Image credit: ‘Chalk and Cheese’ by Jackson Boyle.

SHEA 2014 Spring Conference: Out with contact precautions. In with faecal transplantation

shea 2014

The organizing committee of SHEA should be congratulated for putting together an interesting and engaging agenda for their Spring Meeting, based around the recent ICHE special edition. Sadly, I was only able to make it for ‘From MRSA to CRE: Controversies in MDROs’ at the tail end of the meeting.
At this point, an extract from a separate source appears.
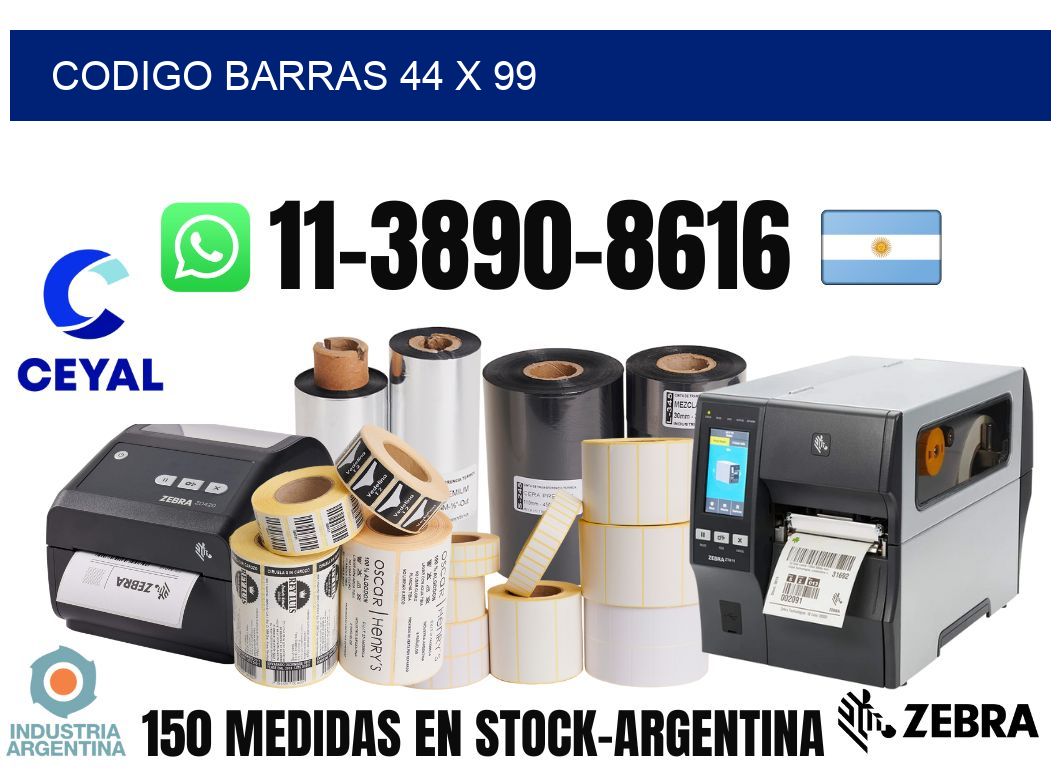 Codigo barras 44 x 99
Global perspective on CRE evolution – Dr Arjun Srinivasan

Dr Srinivasan kicked off with a frankly frightening status update on the ‘nightmare bacteria’. KPC and NDM-producing Enterobacteriaceae have spread globally and rapidly since 2006.1 The prevalence of carbapenem-resistant K. pneumoniae in the US has risen from 1% in 2001 to a whopping 10% in 2011.2 More worryingly, the prevalence of CRE colonization in long-term acute care hospitals (LTACHs) in Illinois was 30% in a recent point prevalence survey.3 Arjun gave some useful perspectives on the mortality associated with CRE. The odds ratio for mortality attributable to CRE was remarkably similar in studies from Israel and the US at around 4 (which is approximately twice that of MRSA).4-6

Arjun made the point that 10% of CRE reported to the CDC are “community-acquired”. I find this hard to believe and I suspect they’d be healthcare-associated if you searched hard enough for risk factors. The picture would be different in areas of really high prevalence like New Delhi or Greece, but I don’t think the US is quite there yet.

Arjun highlighted some practical limitations of implementing strategies to control CRE, in particular around staff cohorting. “Today you’re assigned to work on the unit dedicated to patients with the nightmare bacteria”; not a popular message to our staff.

The key questions from Arjun’s viewpoint are: the focus has been on K. pneumoniae and E. coli, but should Enterobacter be in the mix? Are we doing enough to control CRE (or possibly, too much)? What are the right policy solutions in terms of reporting and guidelines? And finally, can we control CRE? An updated national report from Israel suggests yes.7 But uncontrolled spread elsewhere (e.g. Greece and increasingly Italy) suggest no.

Lab Identification & Surveillance for MDROs – Dr Daniel Diekema

Dr Diekema gave a timely and thoughtful overview of lab diagnostics for MDROs. One problem hampering clear lab diagnosis and surveillance is how to define an MDRO, and MDR-GNR in particular. Do we go by phenotype or by genotype? Clearly, there are arguments either way; there’s a tendency for clinicians to gravitate towards phenotype and scientists towards genotype I think, so we need to look out for our own biases.

The keynote was “don’t throw away the agar plates just yet”. Molecular diagnostics has a role, but it does not replace agar plates. Molecular diagnostics are great, but do not deal with changing epidemiology; struggle with target variability; are expensive; rely on validation of carriage sites; do not tell you about phenotypic susceptibility; have a limit of detection often around a couple of logs; and need to manage shared resistance genes between species, especially for MDR-GNR. Dan concluded by questioning whether molecular diagnostics remain the realm of reference, referral and research labs!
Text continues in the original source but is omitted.